* [What you are asked to do] With the pictures omitted, write out all of the listing exactly.

* [Entries provided]

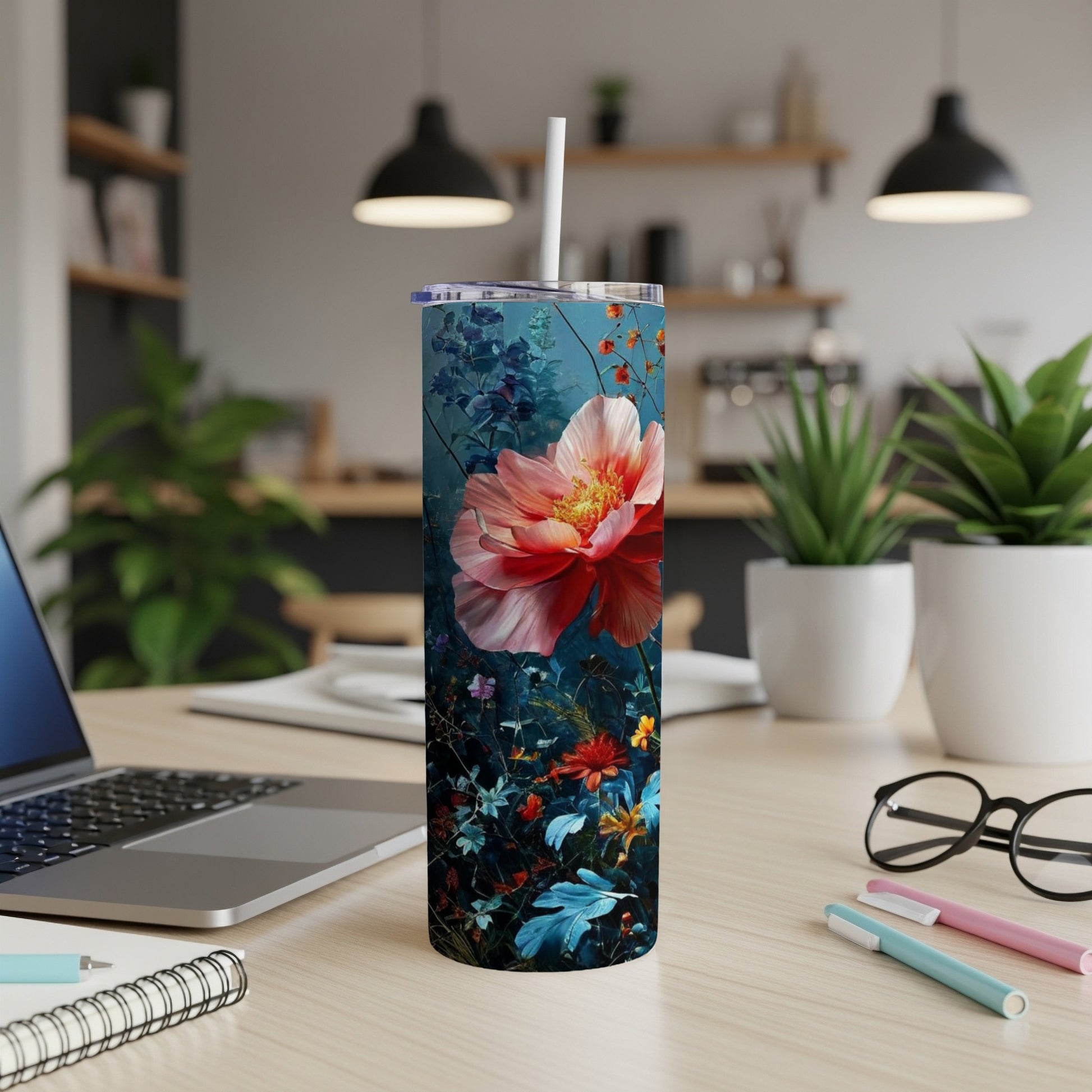 Tumbler featuring a vibrant pink peony and blue floral pattern.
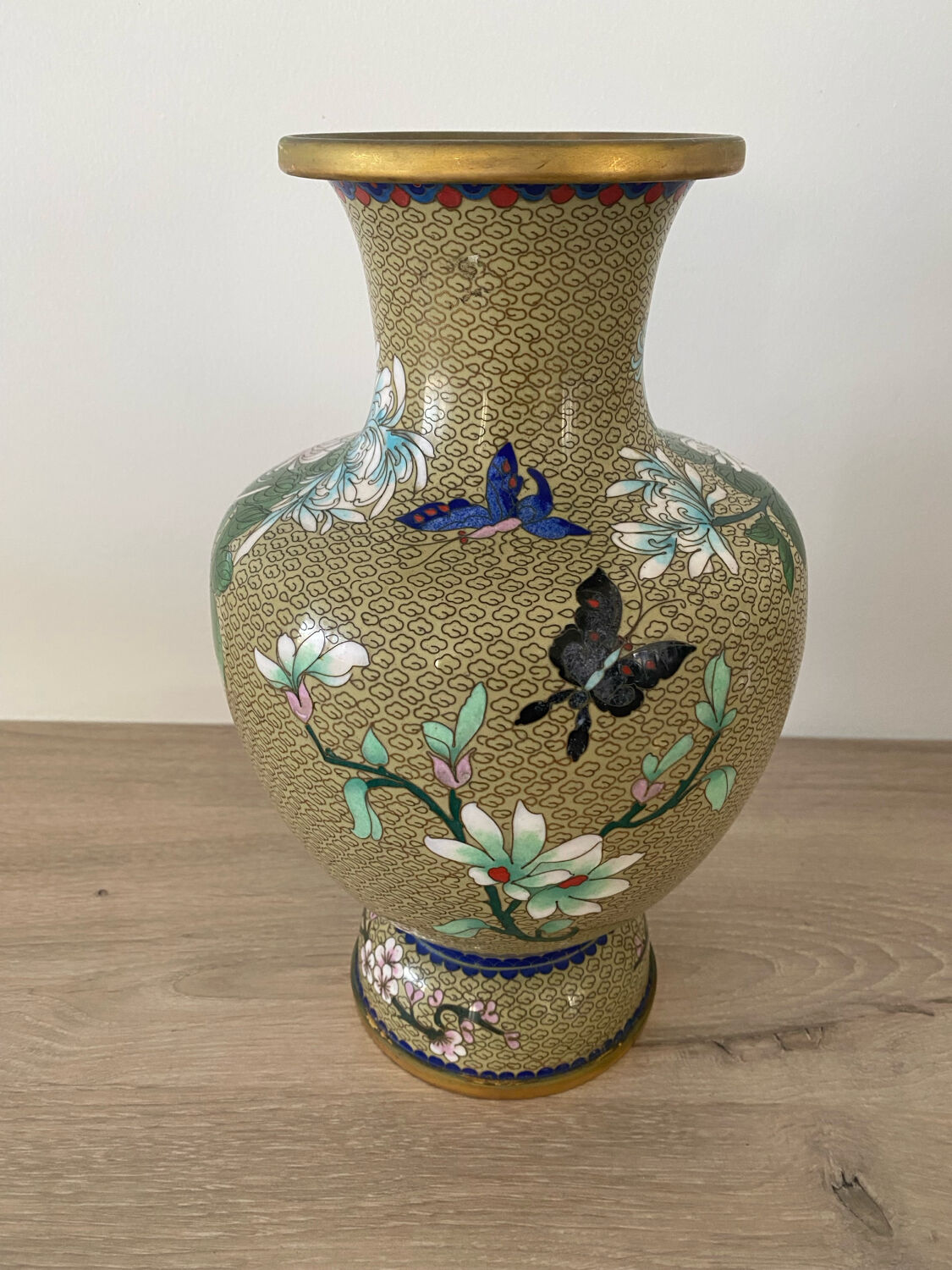 Chinese cloisonné vase decorated with flowers and butterflies.
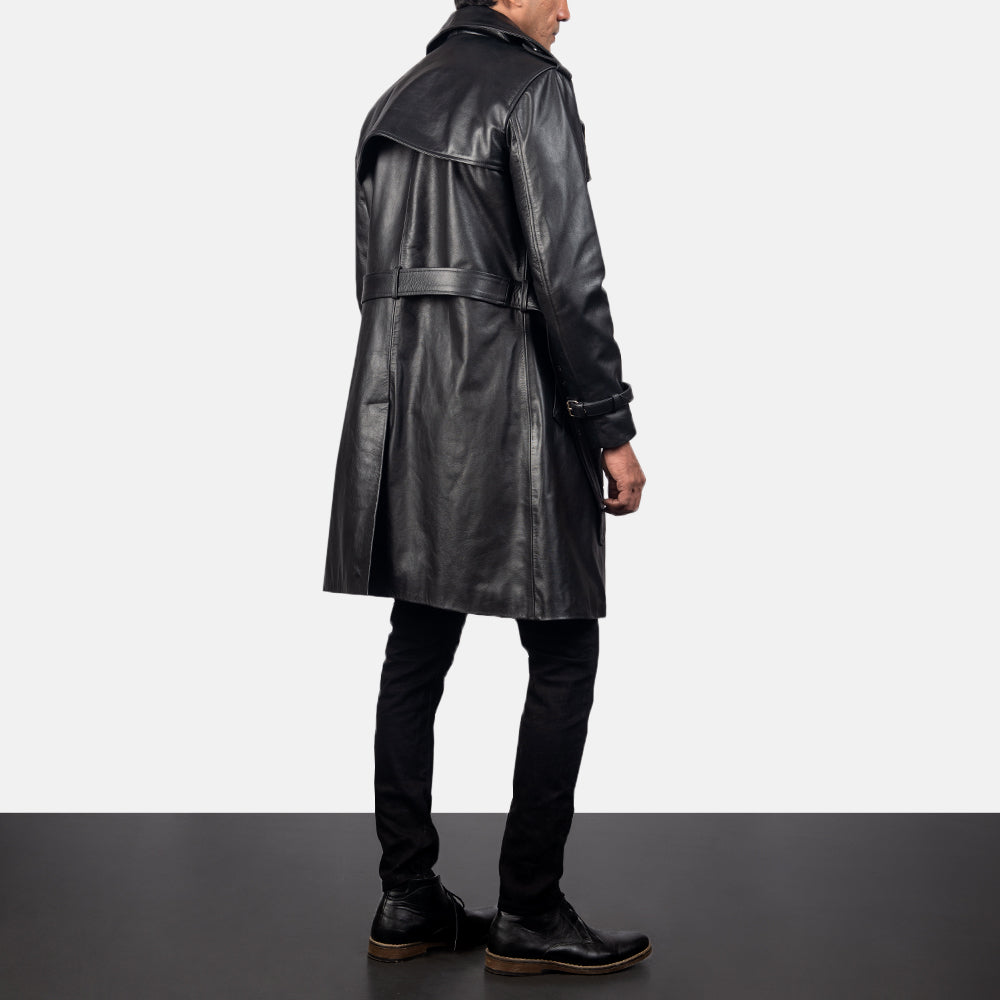 
Royson Μαύρο Leather Duster Δερμάτινο Παλτό Ανδρικό - Πλαϊνή όψη που αναδεικνύει το κόψιμο των μανικιών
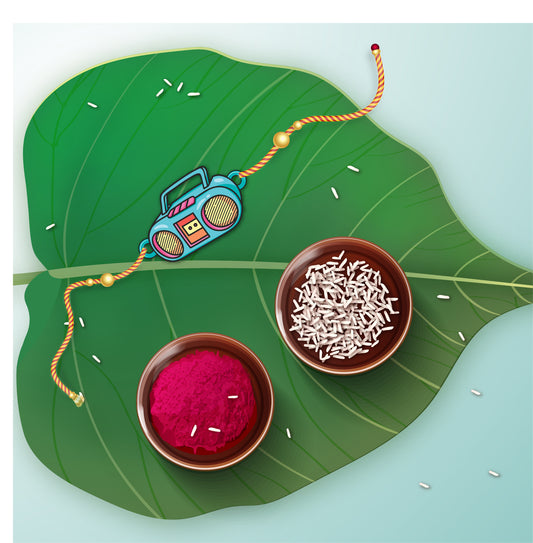 wooden Rakhi for brother – retro-themed Rakhi
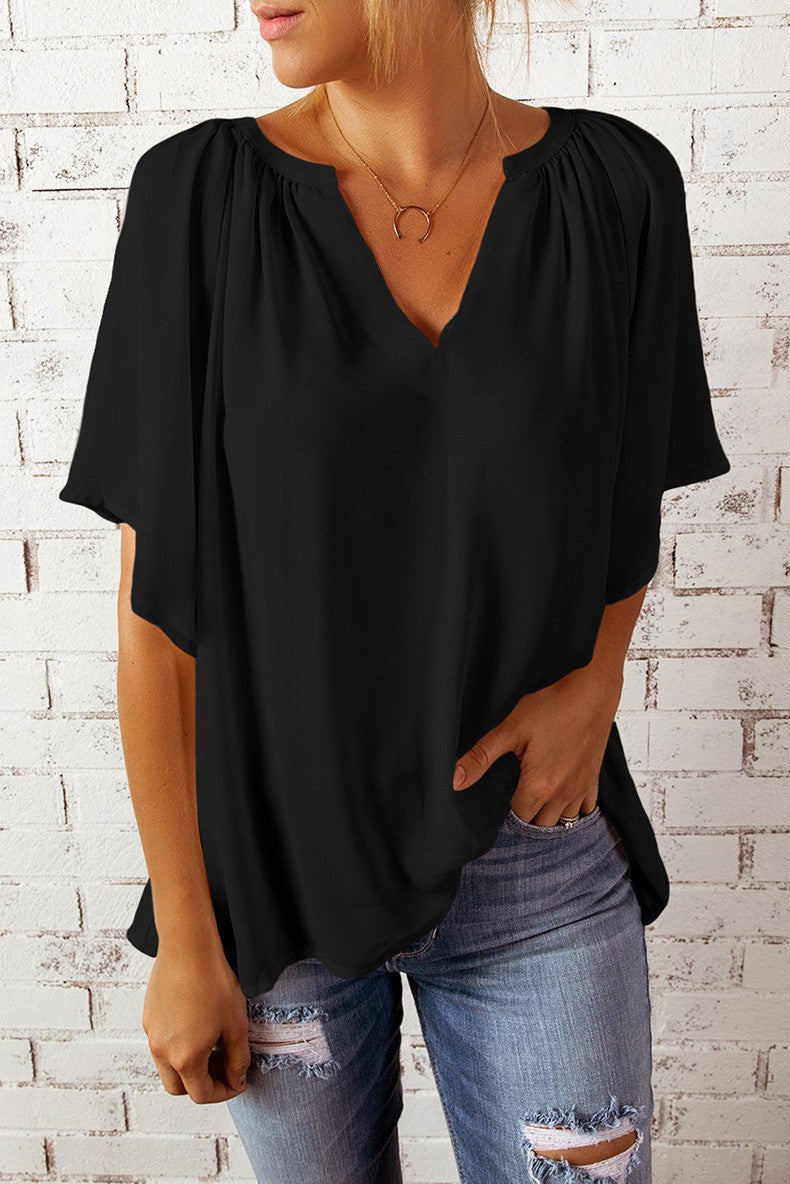 Damen luftige Bluse mit V-Ausschnitt und sanftem Faltenwurf Drune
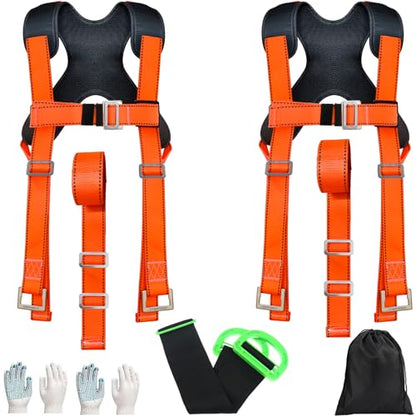 Upgraded Furniture Moving Straps with Chest Buckle,Shoulder Moving Straps with 1-Person Lifting Strap, Adjustable Easily Lifting and Moving for Mattresses, Appliances Heavy Object Up to 1200LBS - color: Orange-2Person Straps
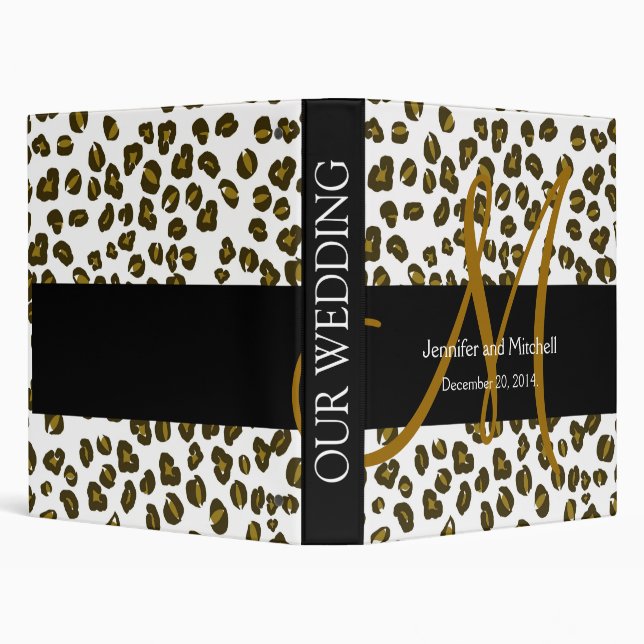 Brown White Cheetah Print Wedding Planner Binder (Background)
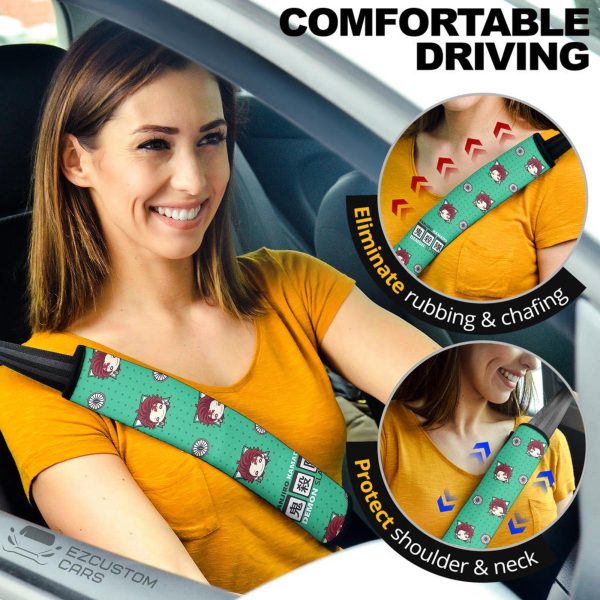 Tanjiro Demon Slayer Seat Belt Covers Custom Anime Car Accessories
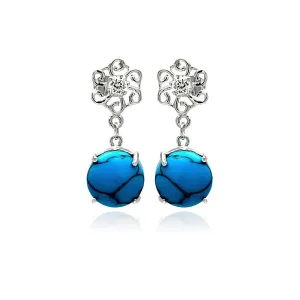 Silver 925 Rhodium Plated Turquoise Clear CZ Flower Dangling Stud Earrings - BGE00260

* [Exercise output]
 Tumbler featuring a vibrant pink peony and blue floral pattern.
 Chinese cloisonné vase decorated with flowers and butterflies.
Royson Μαύρο Leather Duster Δερμάτινο Παλτό Ανδρικό - Πλαϊνή όψη που αναδεικνύει το κόψιμο των μανικιών
 wooden Rakhi for brother – retro-themed Rakhi
 Damen luftige Bluse mit V-Ausschnitt und sanftem Faltenwurf Drune
 Upgraded Furniture Moving Straps with Chest Buckle,Shoulder Moving Straps with 1-Person Lifting Strap, Adjustable Easily Lifting and Moving for Mattresses, Appliances Heavy Object Up to 1200LBS - color: Orange-2Person Straps
 Brown White Cheetah Print Wedding Planner Binder (Background)
 Tanjiro Demon Slayer Seat Belt Covers Custom Anime Car Accessories
 Silver 925 Rhodium Plated Turquoise Clear CZ Flower Dangling Stud Earrings - BGE00260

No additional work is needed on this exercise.